大人の女性のリアルを歌うシンガーソングライターNakamuraEmiのメジャー3rdアルバム「NIPPONNO ONNAWO UTAU Vol.5」が3月21日にリリースされた。
アルバムのリード・トラックとなる「かかってこいよ」は、4月からTBS系列で放送開始となる『あしたのジョー』連載開始50周年を記念して制作されたオリジナルアニメ『メガロボクス』のエンディングテーマとして書き下ろされたナンバーだ。

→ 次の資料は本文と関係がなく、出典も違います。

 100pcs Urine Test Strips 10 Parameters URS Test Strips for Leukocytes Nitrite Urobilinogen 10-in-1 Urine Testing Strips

アルバムリリースに合わせ全国22カ所を回る「NIPPONNO ONNAWO UTAU Vol.5 ~Release Tour 2018~」も予定されており、芯のある”日本の女”を歌い続けるNakamuraEmiのメッセージがテレビやラジオ、ライブを通じて全国に届けられる事になる。
リアルを歌うNakamuraEmiのパワー
NakamuraEmiは保育士として社会人デビューしながら、ミュージシャンになることを目指しドロップアウトした後、10年あまり様々な職を転々としながら音楽活動を続け、2016年に33歳でメジャーデビューしている。
NakamuraEmi / かかってこいよ
デビューアルバム「NIPPONNO ONNAWO UTAU BEST」に収められた「YAMABIKO」は全国のラジオ局でパワープレイされ、NakamuraEmiの強い歌声と心に響くメッセージが全国に知られるようになった。
芸能プロダクションのゴリ推しや、音楽そっちのけのビジュアル攻勢がはびこる国内ミュージックシーンで、純粋に自分の歌だけで道を切り開いてきたNakamuraEmiのリアルなメッセージは、生き辛い現代を生きる多くの人に寄り添う「応援歌」として支持を集めている。
NakamuraEmi / YAMABIKO
NakamuraEmiの「普通」を知る女性の価値
日本のミュージックシーンは、とかく女性の「若さ」に価値を付けがちだ。
アイドルであれば小学生くらいからステージに立たせ、20歳を越えれば早々に”オバサン”扱いし、バンドやシンガーソングライターであっても「現役高校生」や「現役中学生」という肩書を付け、足の速い鮮魚のように市場に出荷する。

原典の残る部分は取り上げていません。